As corporate India comes to terms with the complex new system of accounting standards, which it will have to adopt beginning April 1, it is vexed with two related issues that it has no control over taxation and the companies law.
As it is, the kaleidoscope of conflicting perspectives is complex enough to confound even the knowledgeable. For example, when you depreciate different components of an asset over varying useful lives and at different rates as mandated by the International Financial Reporting Standards (IFRS), as opposed to applying a single rate for the entire asset as is done today, will the depreciation load rise or decline? You have freehold land and haven't decided if it is for real estate development or your own office building is the land, then, an asset or an investment? If preference capital is to be treated as a loan, then is the dividend actually interest'?
Questions, hundreds of them, answers to which is more a matter of opinion than an established principle, are buzzing around the Indian accounting profession.
Yet, these appear mere pinpricks when you compared with the problems thrown up by aspects of taxation policy and the companies law.
At a seminar on IFRS organised here by the Confederation of Indian Industry, experts rued that the authorities were yet to come out with a fundamental guideline as to whether from April 1 next year, the taxable profits will be computed according to existing Indian accounting standards or IFRS.
A committee has been formed comprising members from the Central Board of Direct Taxes and the Institute of Chartered Accountants of India. The committee will presumably first look into revenue implications for the Government rather than extend help to the corporate sector.
Beyond that nobody knows how the taxation regime will pan out I the IFRS era.
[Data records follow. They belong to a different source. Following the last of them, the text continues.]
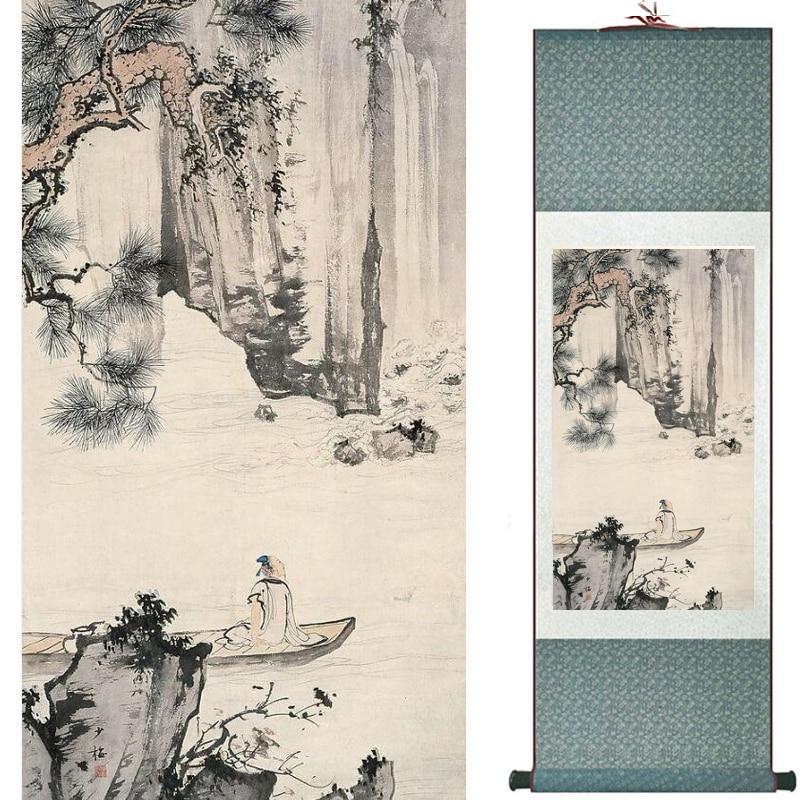 Chinese Art Scroll Painting Landscape Ancient Silk Picture Wall Ideas 18234-Chinese Style Finds™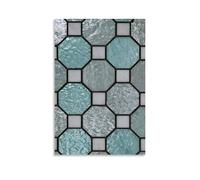 Jubonexis Impression sur toile mosaïque géométrique gris sarcelle clair octogonale - Impression sur toile pour salon, ferme, décoration - 30 x 45 cm - Sans cadre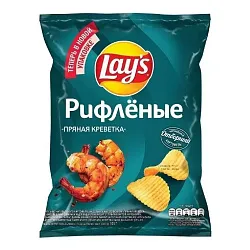 Чипсы ЛЕЙС рифленые пряная креветка 105г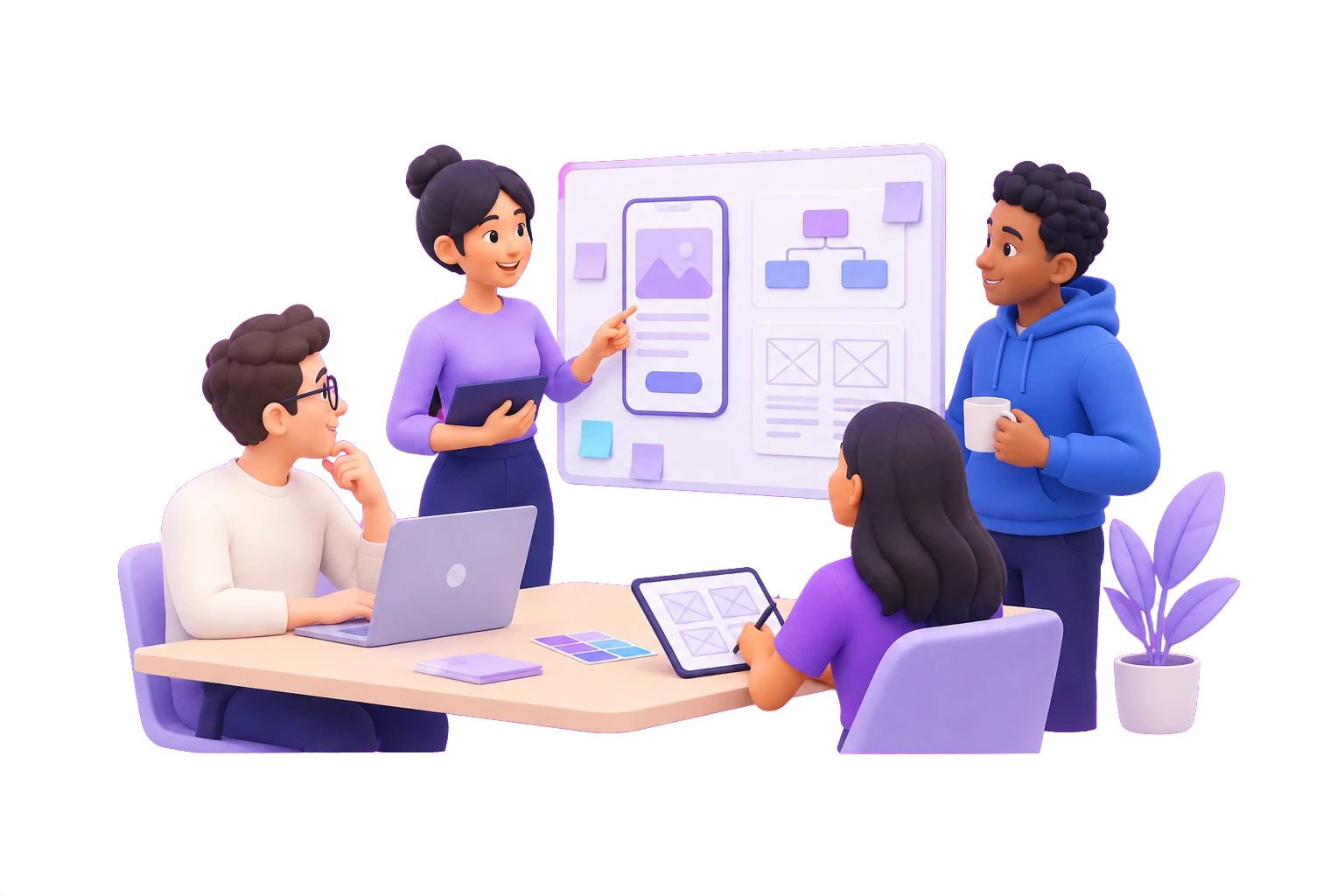 Illustration of a connected product team working together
The predominant view is that since only about a thousand companies will mandatorily migrate to IFRS on April 1 (see table), the Government will continue with the Indian GAAP (Generally Accepted Accounting Principles) for computing taxable profits.
If it is to be Indian standards for tax computation and IFRS for compliance with corporate legislation, it will be tough on accountants who will have to keep two separate books of accounts.
Yet, experts point out, it is not as simple as that. The Income-Tax Department being no spring chicken, the principal alarm in the corporate world is that the taxman will choose what suits him best, from Indian standards and IFRS, and you will end up with the worst of both worlds. A senior finance professional puts this succinctly: What is not income' today will become income', what is expenditure' will not be treated as expenditure.
For instance, under IFRS, preference capital is treated as a loan and you will charge preference dividend to Profit and Loss account, but the I-T Department will not let you call it expenditure'.
If you fair value' an asset (as opposed to the conservative cost method') and sell it, what will be the basis for calculating capital gains?
If you fair value your property, will the local municipal authorities not ask you to pay property tax on the basis of your own valuation?
Unless the haze of taxation clears first, there is bound to be chaos in the marketplace.
Equally, the lack of alignment between the Companies law and IFRS has left the accountants nonplussed.
The familiar Schedule VI in which we are all used to reading the balance sheets will be (or ought to be) a relic in a few years because the format of presentation of the balance sheet under IFRS would be in according to a different prescription.
But the Companies Act will need to be amended to make way for a smarter presentation of financial statements than Schedule VI.
Leave aside the disconcerting fact that an overhaul of the Companies Act has been pending for nearly a decade and several avatars of the Companies Bill have come, and gone.
The current Bill does not seem to be in alignment with IFRS. Schedule VI is one example, but there are other issues, such as the classification of current and non-current assets.
Amid all this confusion, there seems to be one hope in the corporate world: That like the Companies Bill, the Direct Taxes Code, and a whole lot of other things, IFRS implementation will also get put off to a later date.